居らで仲良しこ
その姿に、翔月を捕まえたら穏やかに話をしようと思っていた青児の決心は、あっさりとどこかに消え失せ、思わず怒声をあげた。
「ばか、翔月!何て顔してんだよ。ちょっと来い。話がある。」
「あ……」
生徒会室に引き込まれて、翔月は青児の詰問を受けた。
誰と何があったかなど、青児に報告できるはずもない。
「な……にがって?久しぶりだね……青ちゃんは真っ黒になってる。やけたね。」
「そんなことを言ってるんじゃない。休みに何が有ったか話してみろって言ってるの。何でもないなら言えるだろ?おれに内緒で、一週間何やってたんだ?」
「別に……塾に行くって、ちゃんと言ったじゃない。」
「おれが納得するような、まともな言い訳をしろよ?塾に行くと翔月はそんな風に、白い顔になるのか。何だよ、その手首。休み前より痩せただろ?」
「あ、暑いから……夏バテしたんだよ……。体力無いの、知ってるでしょ。」
「じゃあ、一度も携帯が通じないのは、どんな理由だ?一週間、ずっと家にも帰ってないのは何故だ?駅前の進学塾に、更科翔月と言う生徒はいないそうだけど?」
一瞬、驚いたように青児を見つめた翔月は、なんとか考えて言い訳を引っ張り出した。
「え、駅前の進学塾じゃないから……」
「おばさんには言ってないけど、この辺の奴が通う塾はみんな調べた。」
「……」
「それに、夏休み初めから合宿してる塾は、県内のどこにもない。塾だって言い張るなら言ってみろ、塾の名前。」
翔月に言葉はなかった。青児が家に来たことは母親から聞いて居たし、その日誰かの家に泊まったことは、もうすでに青児は知っている。それでもdream beauty pro新聞隠し通さなければと、思った。

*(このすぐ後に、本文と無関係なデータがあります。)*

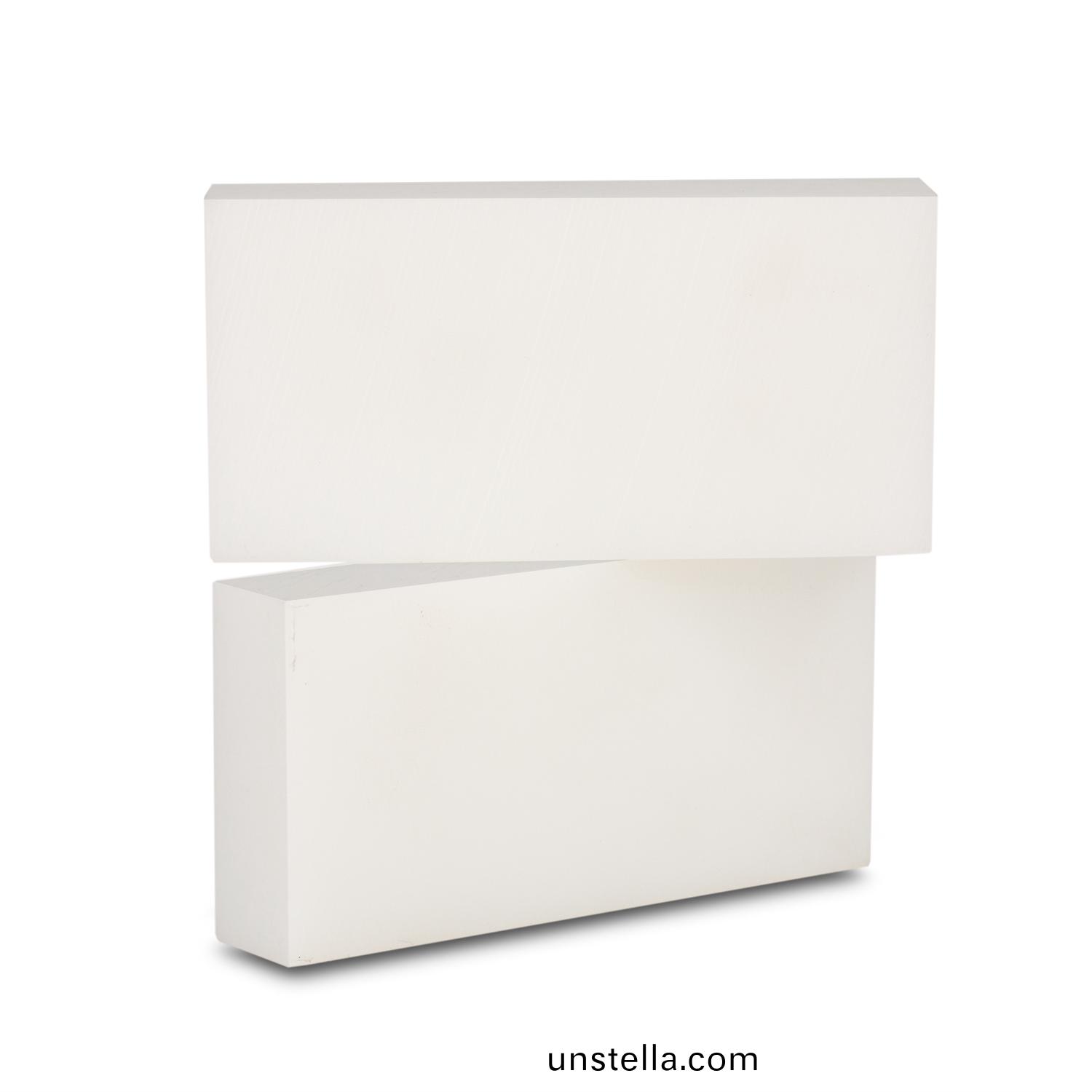 超高分子(zi)量聚乙烯(xi)闆的(de)用途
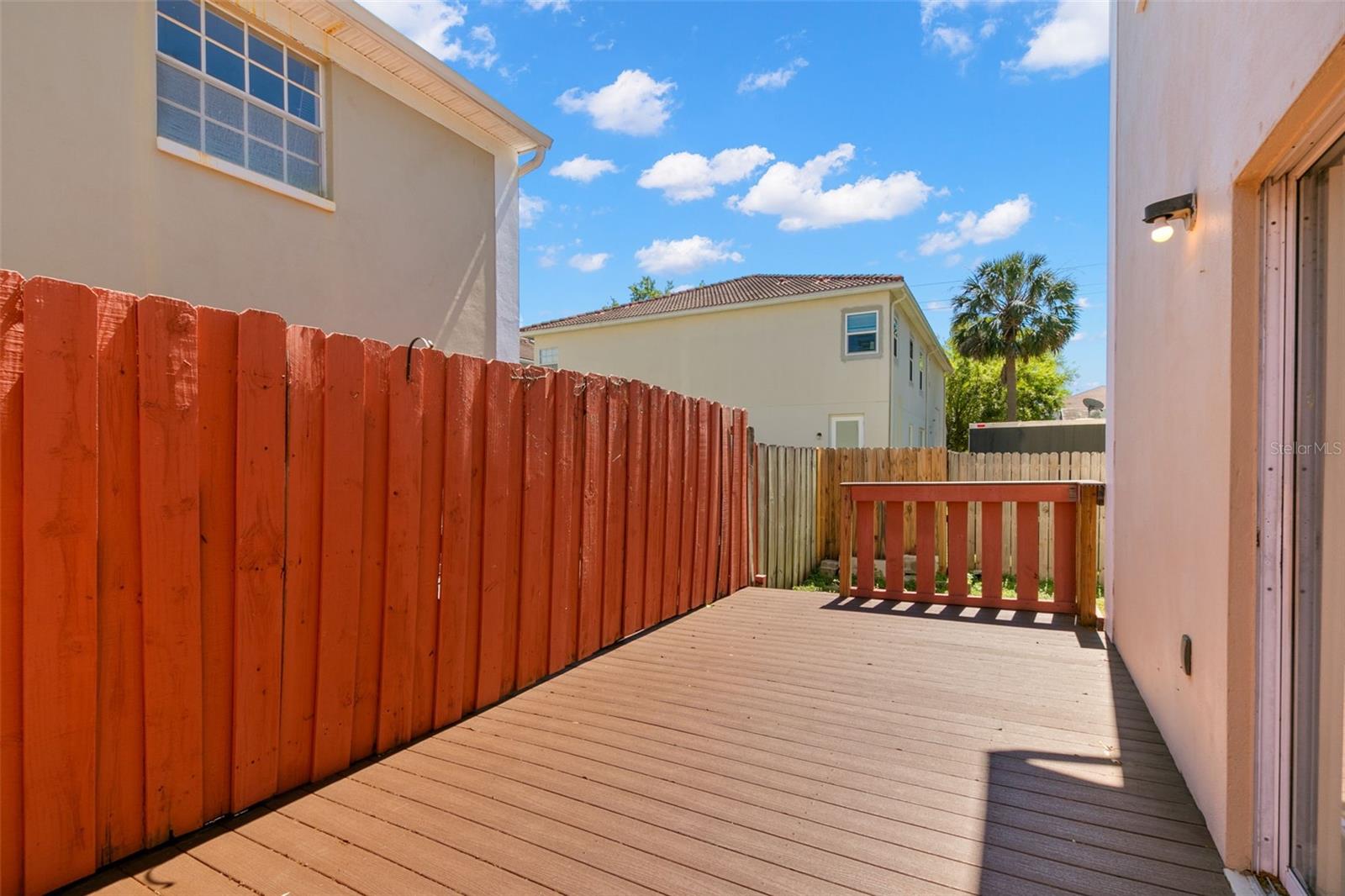 Image 2 of 12 For 408 Arrawana Avenue A5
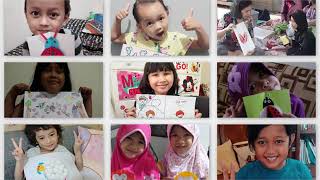 Download lagu Selingkar mp3 Download lagu Selingkar mp3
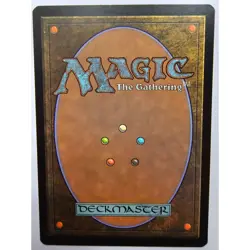 MTG Magic The Gathering Deadly Recluse Card Green M13 - Image 2
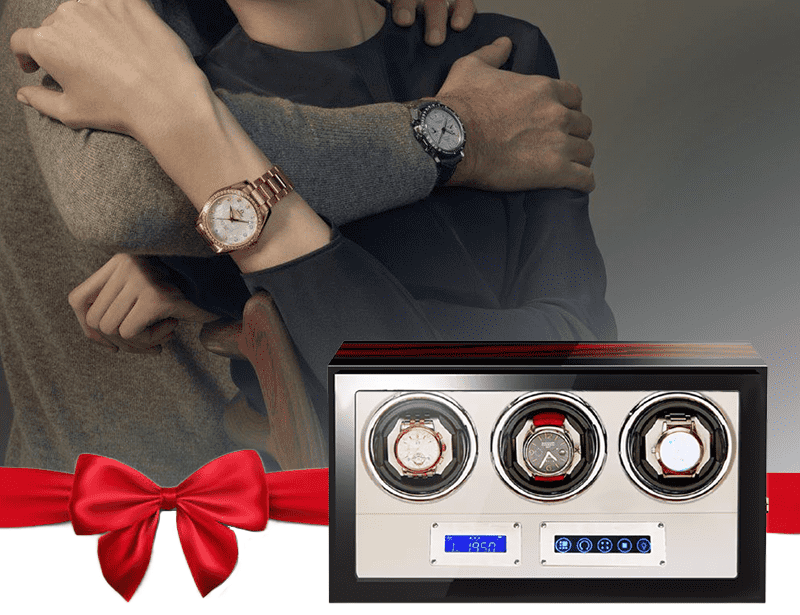cutie-intors-ceasuri-automatice-umeline-luxury-watch-winder-3-mahon-crem_3.png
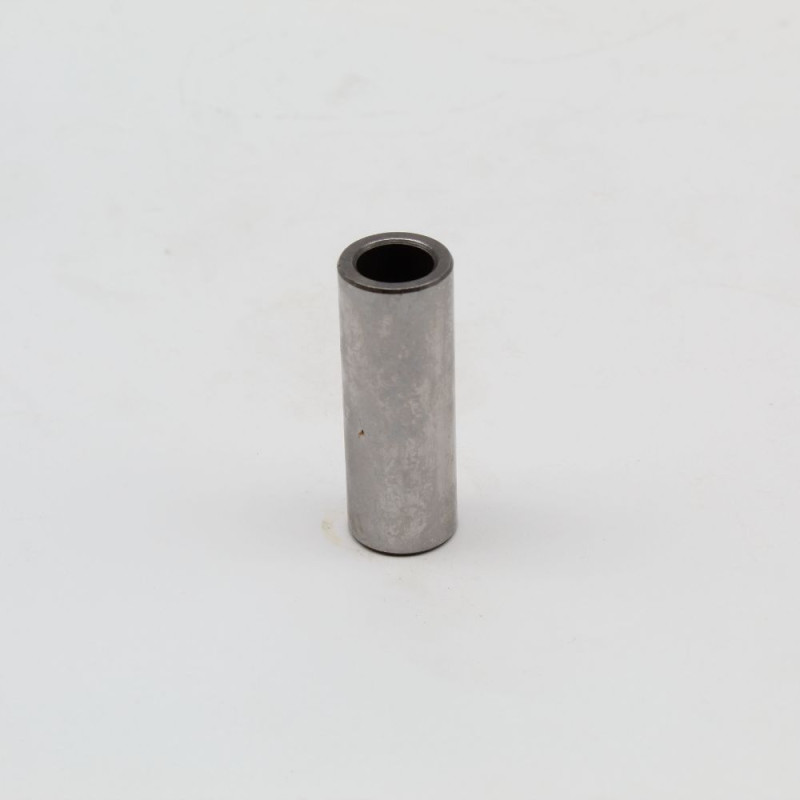 Bulón de pistón ITALKIT 15x40x10 mm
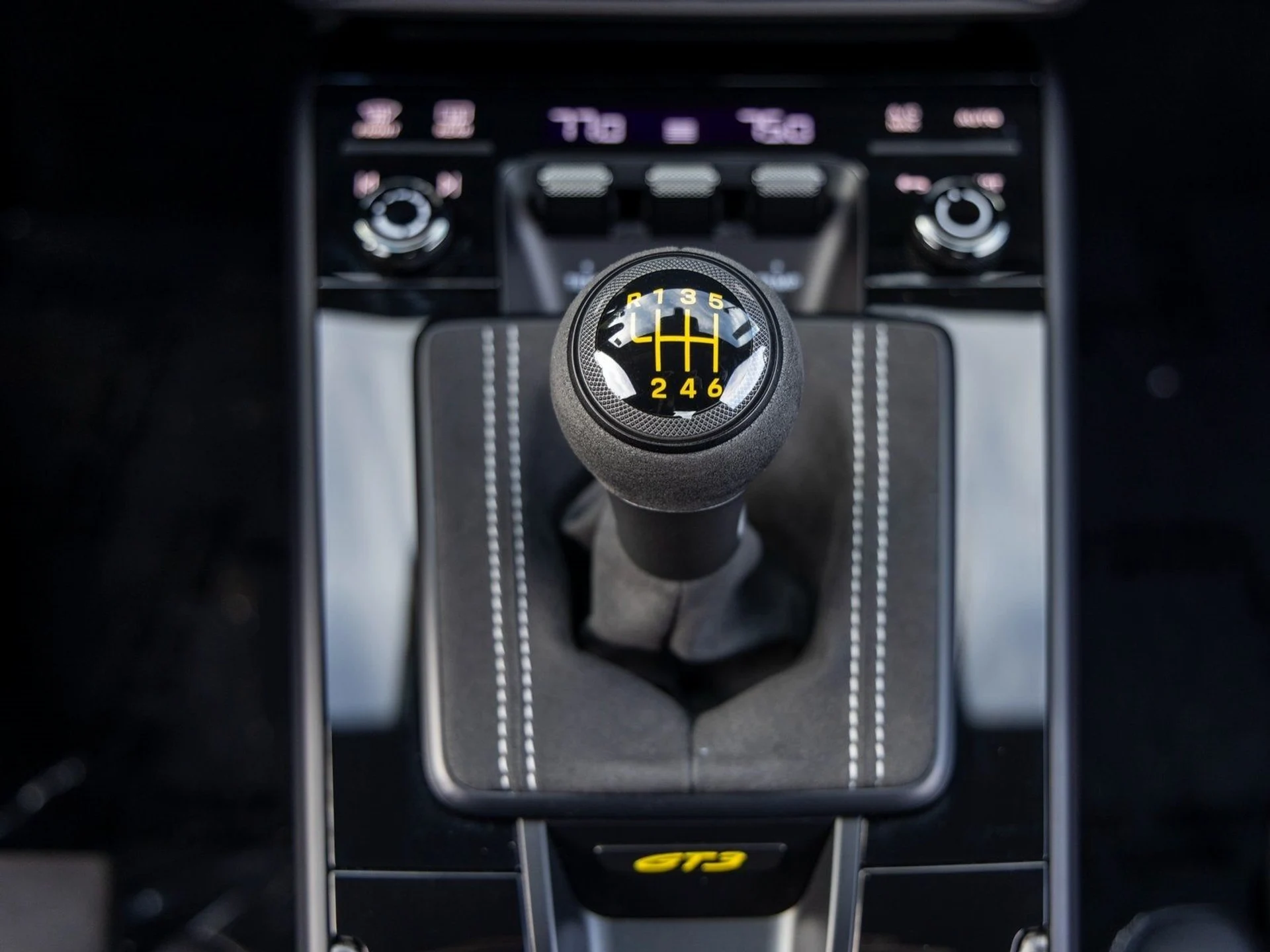 mph043_1836641153_44_8ed9bab56a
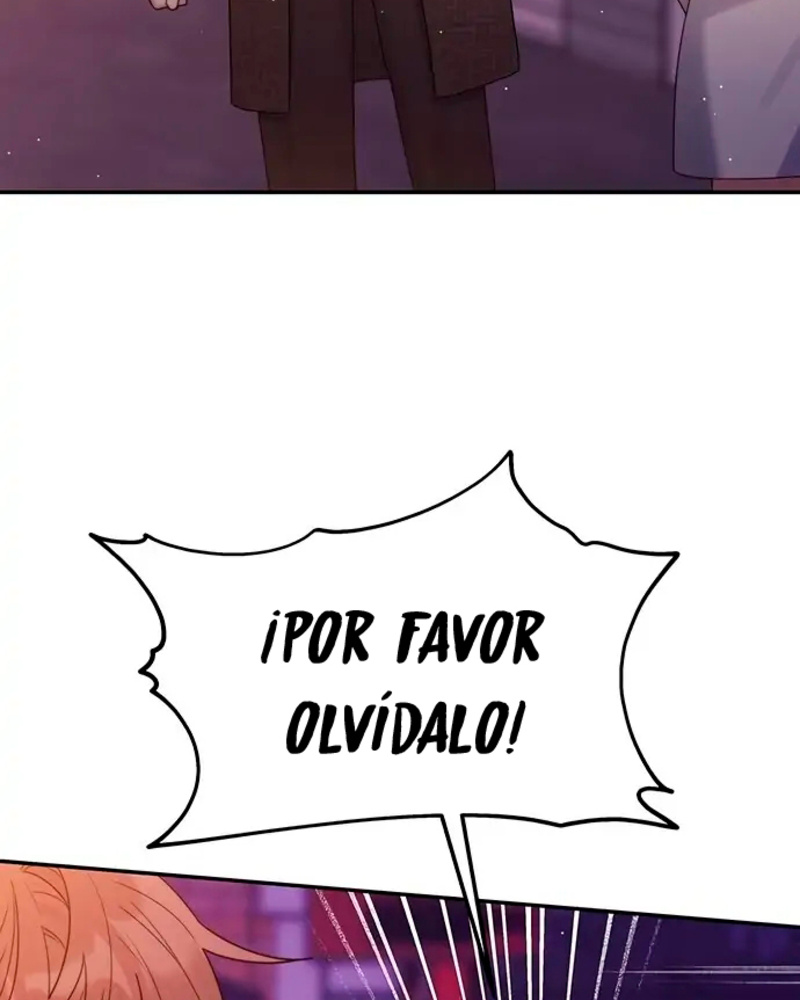 Rompe parejas Capítulo 9 - Página 51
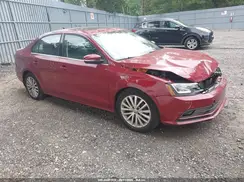 3VWL17AJ0GM260137 2016 VOLKSWAGEN JETTA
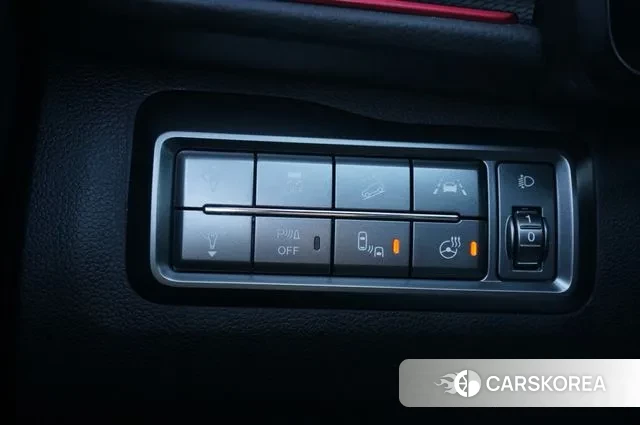 Ssangyong Berry New Tivoli id 3428522 из Кореи 17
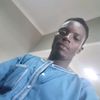 adje018
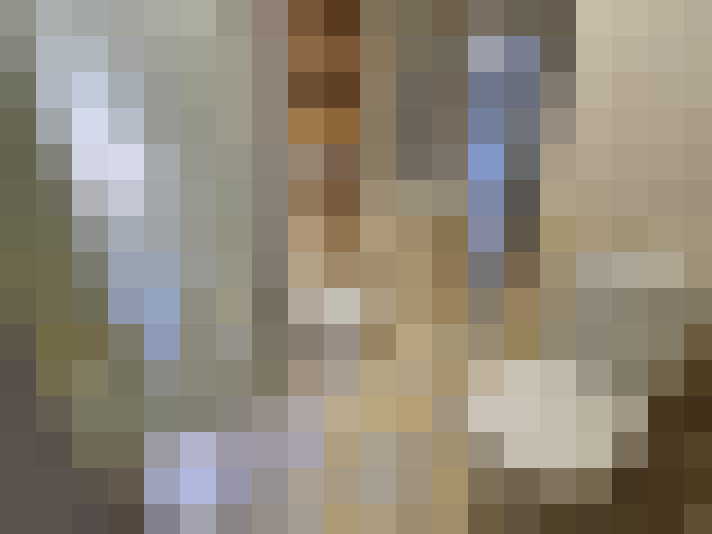  / #15
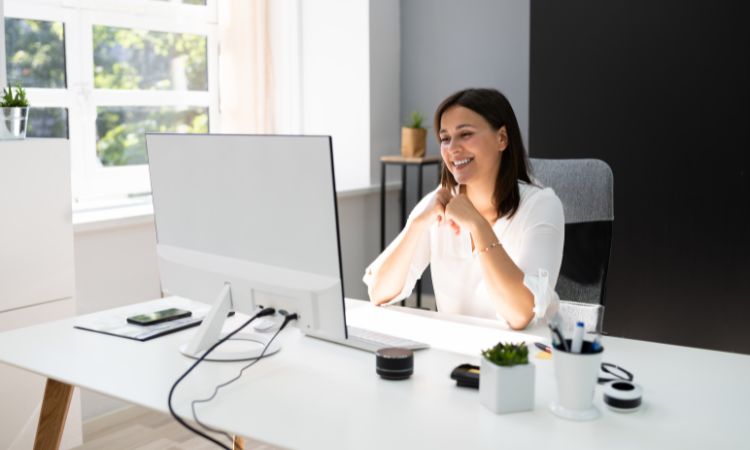 Tutorías personalizadas en Esneca: el acompañamiento que marca la diferencia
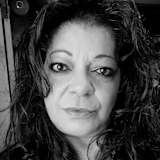 Dora Beasley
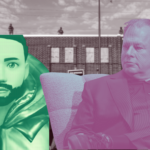 Behind the Blog: Unglamorous Work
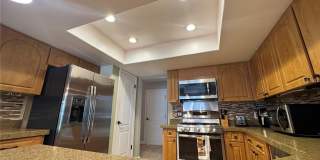 8014 COTE Court Gallery 7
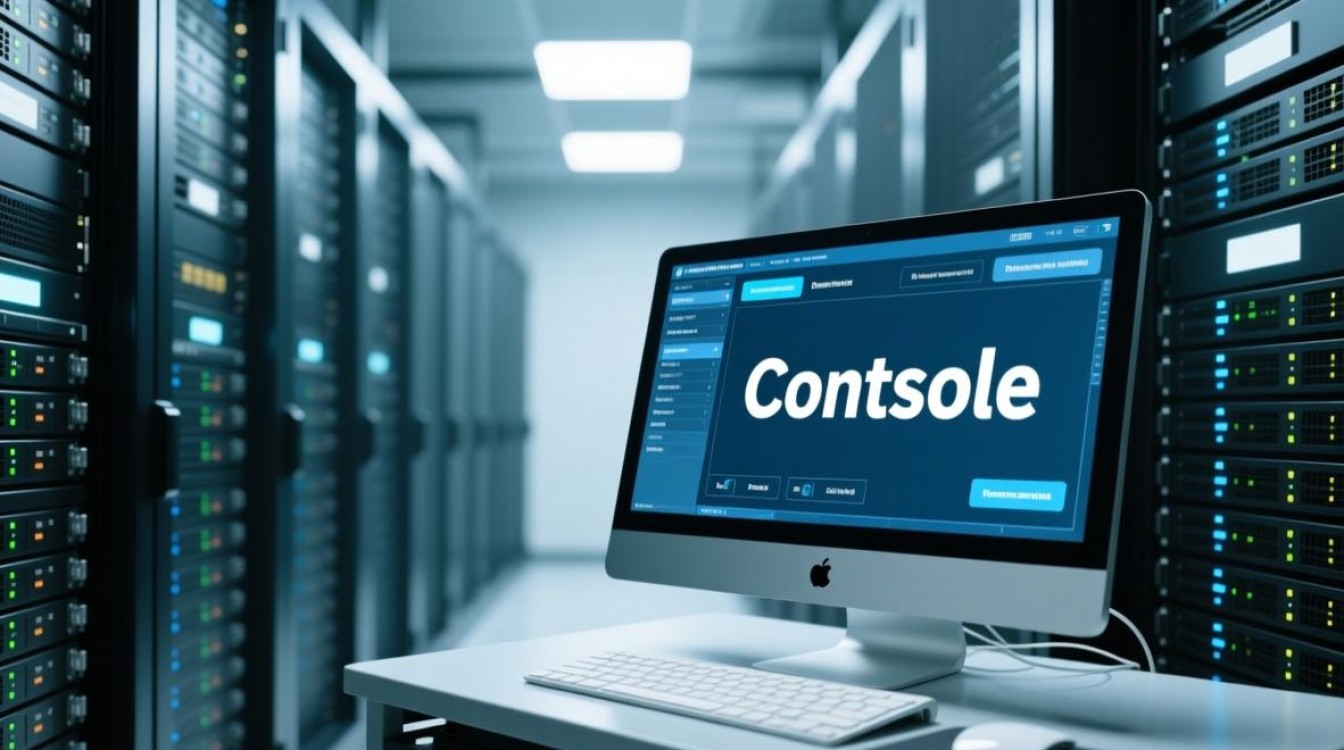 服务器的cros是什么?它和普通cros有什么区别? 服务器的cros是什么?它和普通cros有什么区别?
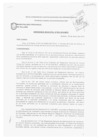 Vista preliminar de documento ORDENANZA MUNICIPAL N° 003-2014/MPS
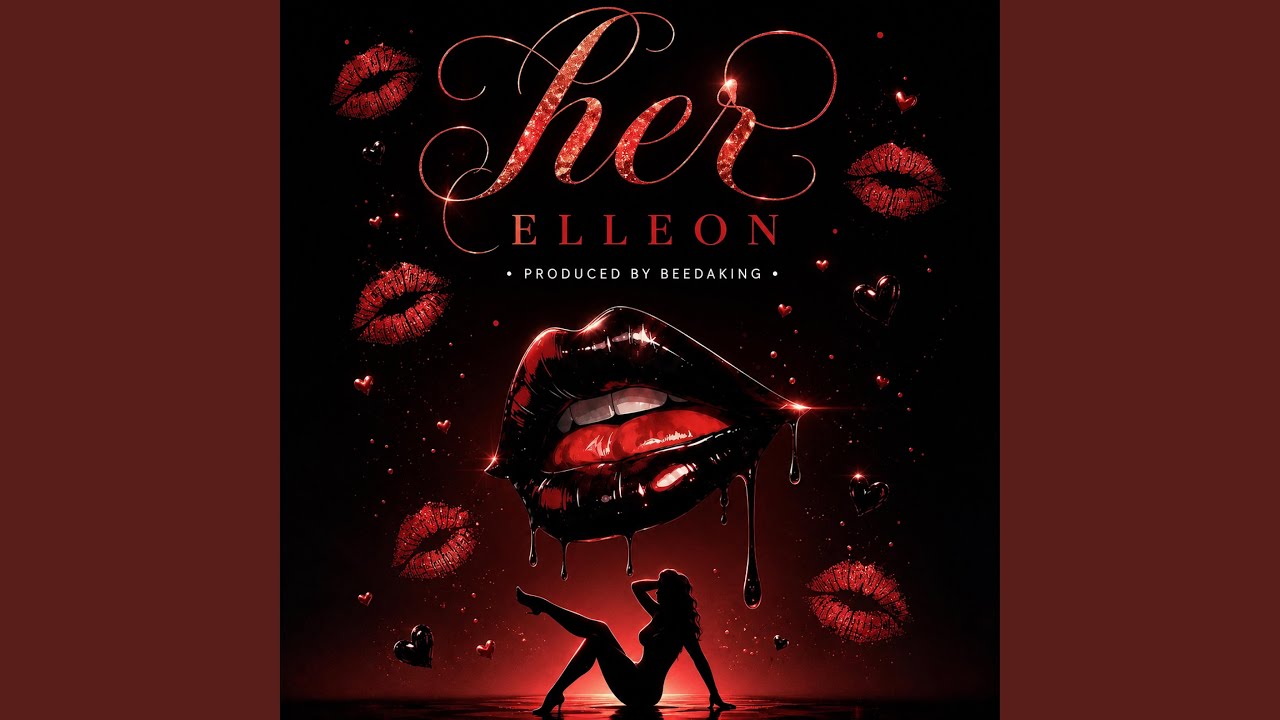 Her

「……一から十までみんな青ちゃんに報告しなきゃいけないわけ?ぼくにだって、青ちゃんに話せないことの一つや二つあるよ。いつまでも、お手々つないよしって年でもないでしょ。そこまで調べたなんて、まるでぼくのストーカーみたいだね。」
「心配して悪いか!」
青児の頬に朱が走る。気分を害させてしまったと、わかる。
翔月は思わず、視線を外した。
「……おれは翔月とはずっと変わらないで一緒にれると思っていたけど、翔月はそう思っていなかったんだな。翔月にとってのおれは、一週間顔も見なくてもいいし、声も聞かなくてもいい軽い存在だったんだ。おれの思いは、翔月にとっちゃ重荷dream beauty pro新聞でしかないって良く、わかったよ。望み通り離れてやるよ。もう翔月が何をしようが構わないから、好きにすればいい。」
翔月の俯いた口の容が「そんな……」と開いたが、言葉は発せなかった。青児の言葉が翔月の心をえぐり、血が流れる気がした。
「そう……?い、まは……勉強しなきゃ、いけないから……だから……その方がいいかもしれない……ね。」
「そうか。それでいいんだな。塾でもなんでも自由にすればいいさ。翔月にはおれなんて必要ないんだから、これからは一人で何でも好きにすればいい。これまdream beauty pro新聞で付きまとって悪かったな。」